“Meu pai foi um homem muito trabalhador, honesto, direito, uma pessoa de um coração enorme. Morávamos juntos. Sou filha única e meus filhos foram filhos dele também. Um amor único”, disse.
Carloan tinha 62 anos, era casado e trabalhava como pecuarista em sua própria fazenda. O corpo dele foi encontrado nesta segunda-feira (21) depois que um cachorro viu parte do braço dele no quintal de uma casa no Setor Jardim Mangabeira e começou a latir. Ele estava desaparecido deste sábado, 19 de outubro.
Carloan Martins Araújo, de 62 anos, foi visto pela última vez no sábado (21) — Foto: Divulgação/Redes Sociais
Elma contou que nesse dia o pai havia chegado da fazenda e depois saiu. Ela foi a última pessoa da família a vê-lo antes do desaparecimento.

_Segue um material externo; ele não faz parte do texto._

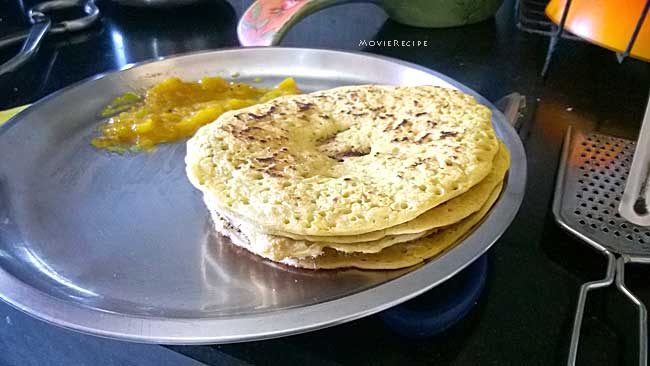 oats chilla recipe indian style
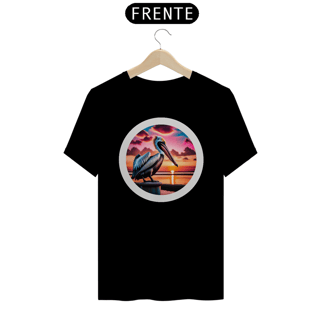 Nome do produto T-Shirt Prime - Linha Retrô 70`s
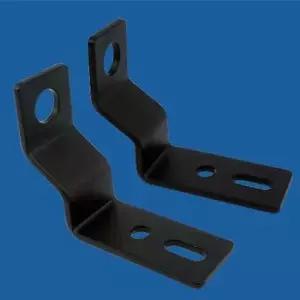 [CAR] 미러볼트 축심보 오토바이 램프 안개등 브라켓 고정대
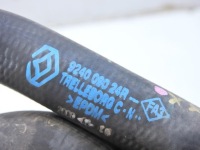 фото thumb №6, Wąż труба отопителя renault laguna iii 2.0 dci 924009024r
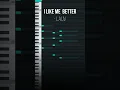 Download Lagu The simple pop formula: 'I Like Me Better' #beatmaker #flstudio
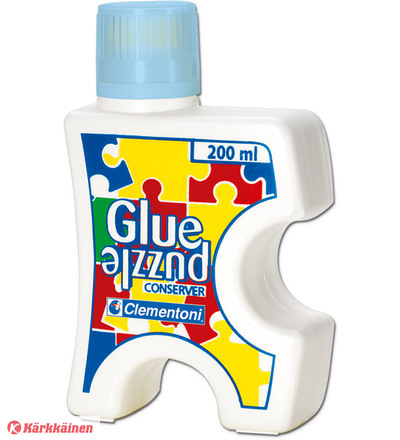 Clementoni 200 ml palapeliliima – kuva 6/8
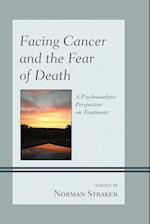 Facing Cancer and the Fear of Death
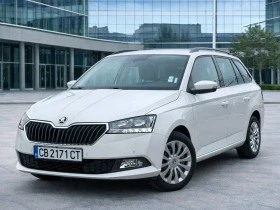Skoda Fabia 1.0 TSI , снимка 1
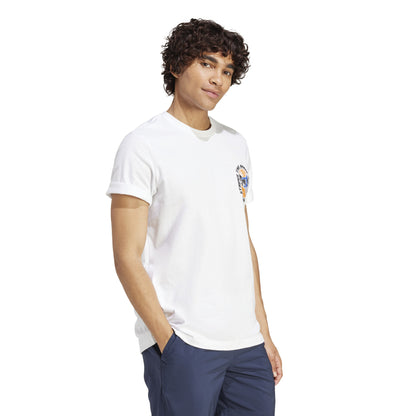 ADIDAS LDN GT2 M WHITE IW0092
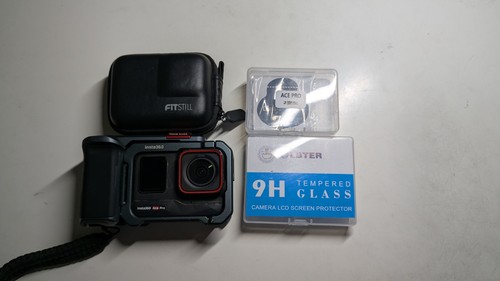 Insta360 ace pro action - ace,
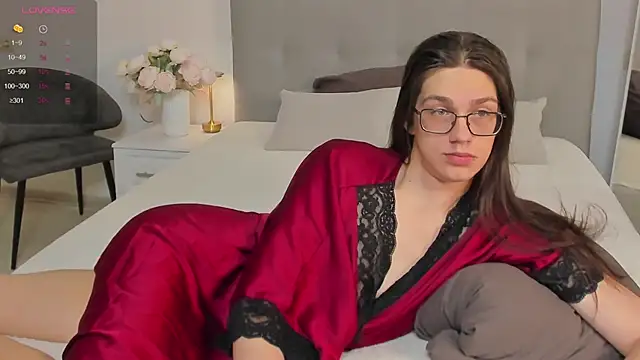 Alfreda Mills online show from November 29, 2025, 10:37 am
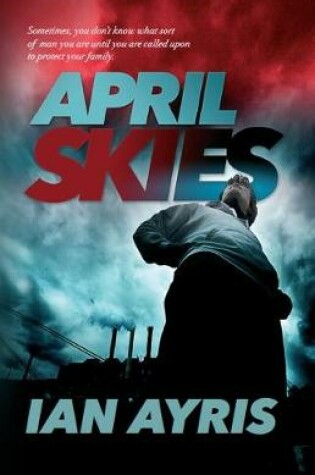 Cover of April Skies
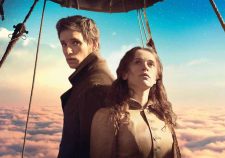 The Aeronauts HD pics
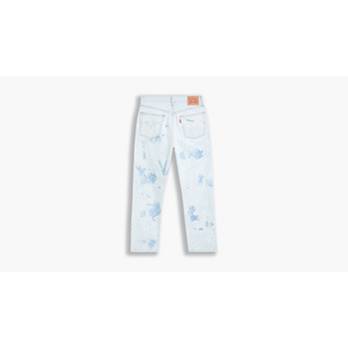 501® Original Fit Cropped Women's Jeans 7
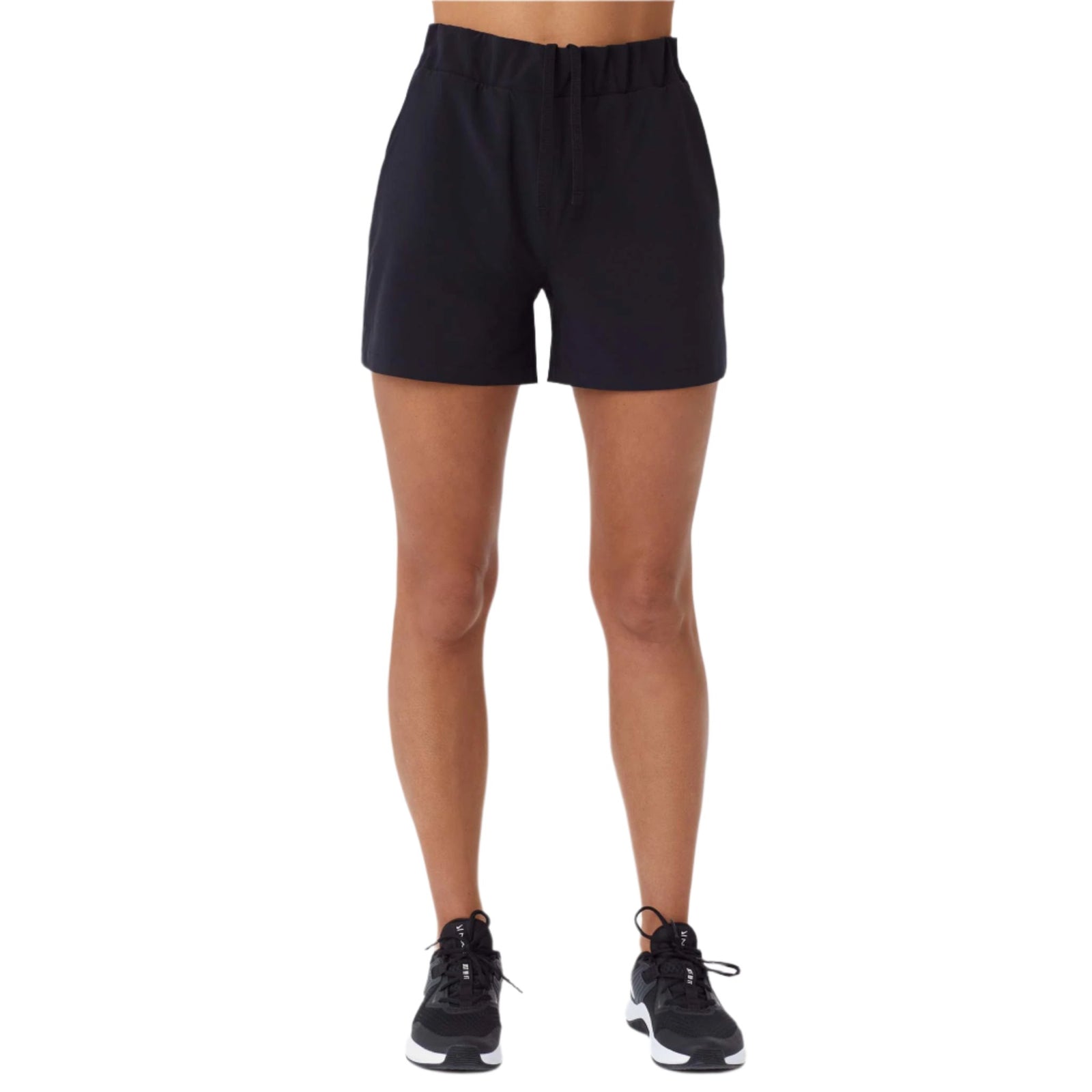 Lolë Lole Gateway short facile a enfiler avec poches devant pour femme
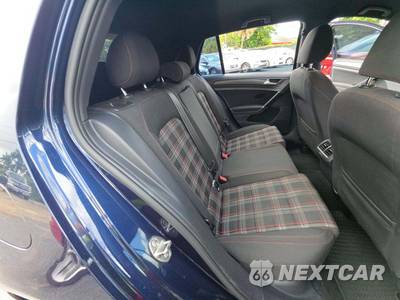 2018 Volkswagen Golf GTI S Hatchback - zdjęcie 16 z 30 - miniatura
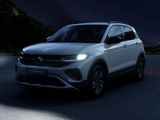 VW T-Cross ENERGY 1.0 l TSI 85 kW (116 PS) 7-Gang-DSG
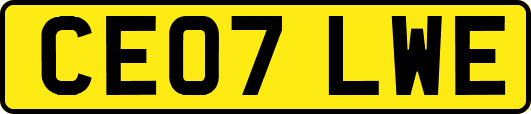 CE07LWE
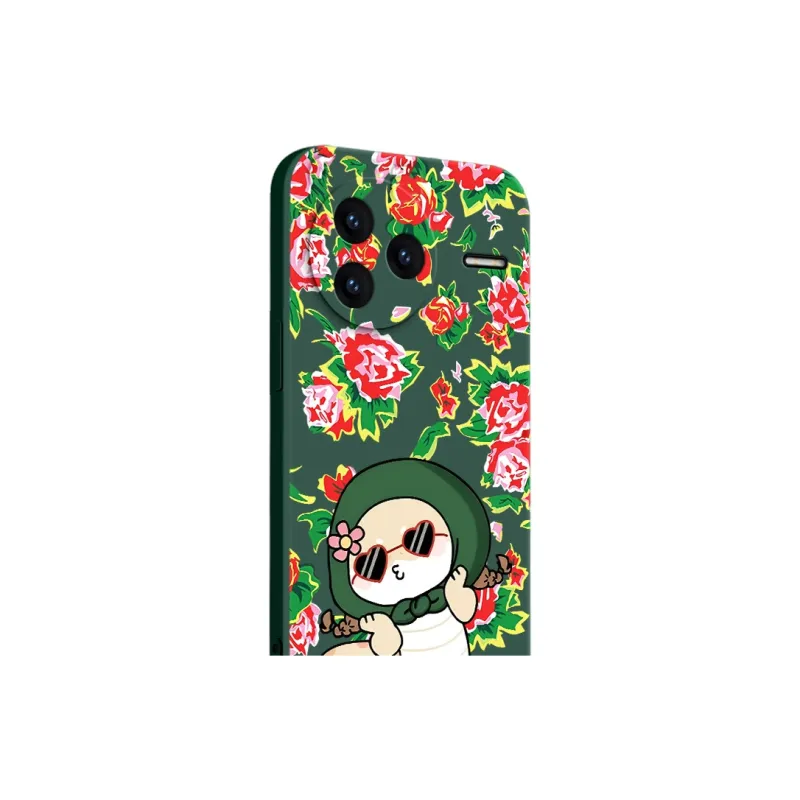 CHUNFAN Phone Cases-34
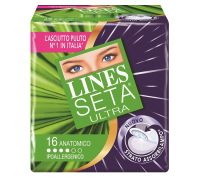 LINES SETA ULTRA ANAT 16PZ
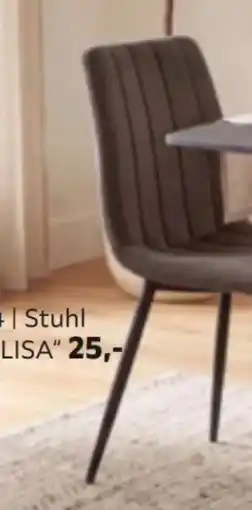 Mömax Stuhl Lisa Angebot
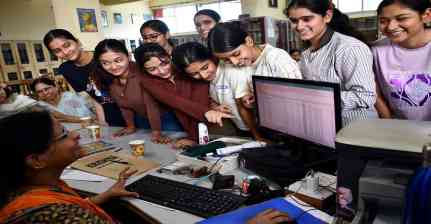 1.6 लाख से अधिक छात्रों ने किया आवेदन, CBSE ने पोर्टल पर उठे सवालों का दिया जवाब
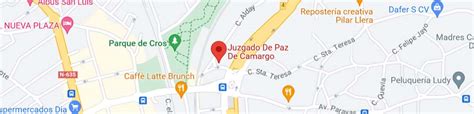 registro civil camargo|Registro Civil de Camargo, Cantabria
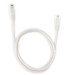 Patch Cord Cat5e 1 Metro Branco
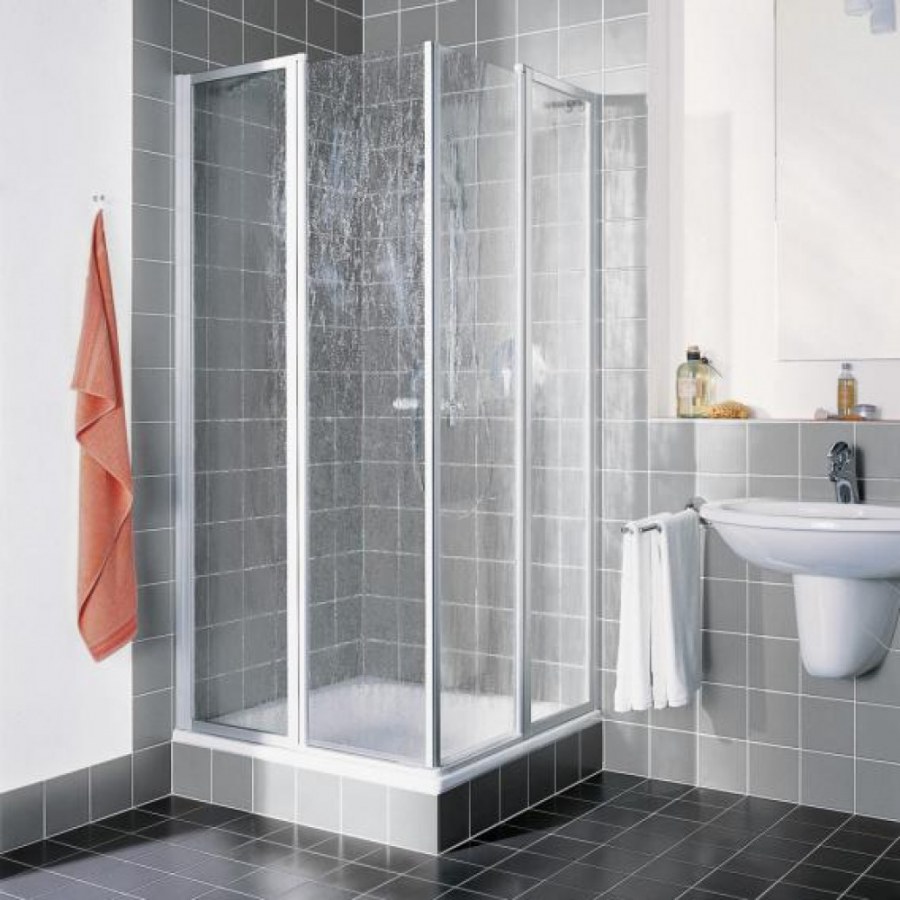 Керми душевые ограждения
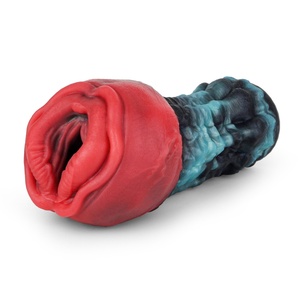 Masturbador Masculino de Bolsillo con Forma de Rosa LUUK, Juguetes Sexuales Portátiles, Masajeador de Pene, Juguetes Sexuales para Hombres - Product Image 1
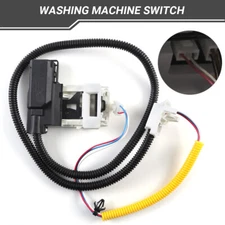 W11307244 /W10682535 Lid Lock Switch For Whirlpool Maytag Washer Washing Machine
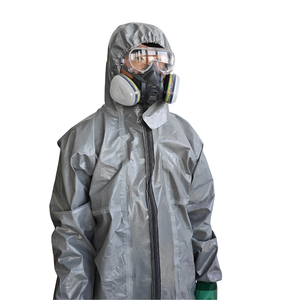 Vêtements <span class=keywords><strong>de</strong></span> <span class=keywords><strong>sécurité</strong></span> scellés adaptés aux opérations <span class=keywords><strong>de</strong></span> lutte contre l'incendie et <span class=keywords><strong>de</strong></span> sauvetage - Product Image 1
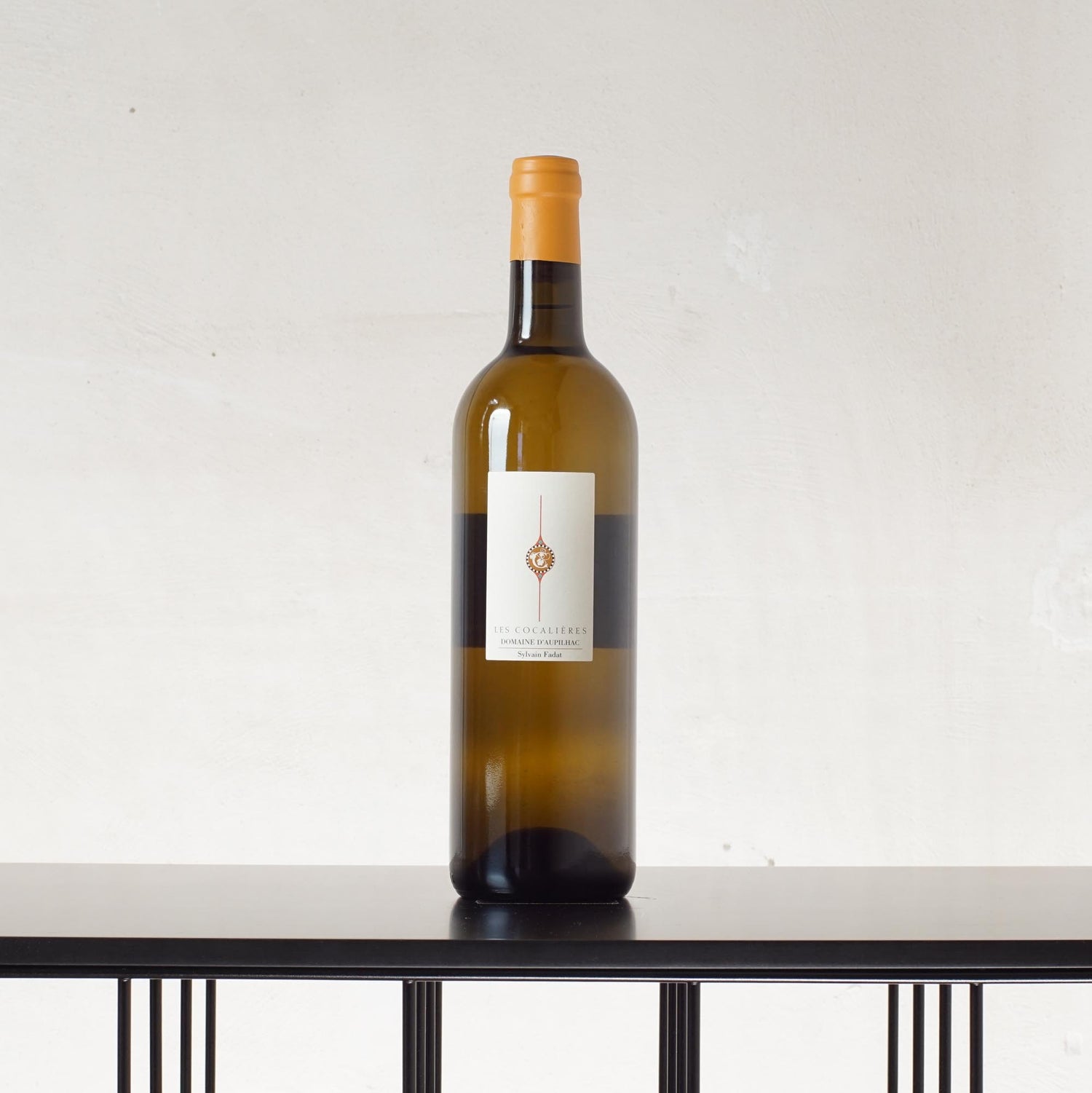 Cocalières blanc Languedoc 2023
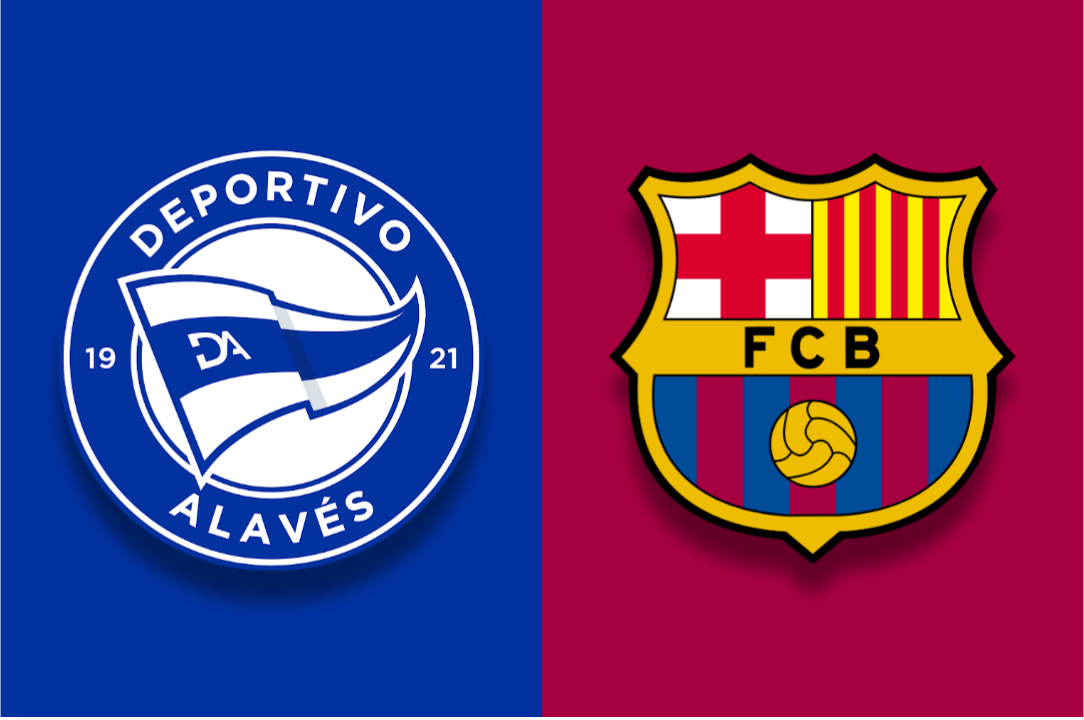 Prediksi Skor Deportivo Alaves vs Barcelona di La Liga, 14 Mei 2026: El Glorioso Hadapi Misi Sulit dari Sang Juara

“Sempre viveu da agropecuária aqui em Araguaína, trabalhava para ele mesmo. Ele chegou da fazenda no sábado e a última pessoa que viu ele foi eu. Ele esteve em casa e depois saiu. Creio que os culpados irão ser pegos e pagar pelos seus crimes”.
Apegado à família
Fotografias de Carloan mostram ele em comemorações sempre ao lado de familiares. Em imagens enviadas pela filha, ele aparece abraçado com os netos, que atualmente têm 23, 18, 14, 7 e 4 anos. Elma contou ao g1 que o pai era apegado à família e que por causa da morte dele um de seus filhos acabou ficando doente.
“Teve cinco netos, que eram a vida dele. Ele [Carloan] estava formando meu filho mais velho em medicina, que sempre foi o orgulho dele. “A minha [filha] de 7 está doente, sem comer”, contou.
Suspeita de sequestro e extorsão
Na segunda-feira, 21 de outubro, a Polícia Militar recebeu uma denúncia informando que havia um corpo enterrado em cova rasa no quintal de uma casa, sendo possível ver um braço da vítima para fora da terra. A equipe foi para o local e confirmou o caso.
Corpo estava em cova rasa, em Araguaína, no Tocantins — Foto: Divulgação/Alta Tensão-TO
Uma mulher, de 36 anos, relatou para a PM que estava na casa de um parente quando ouviu o cachorro latir no fundo de um quintal. Ela foi até o local e visualizou o braço da vítima. Segundo a polícia, ao desenterrar o corpo foi possível verificar que possivelmente se tratou de uma morte violenta.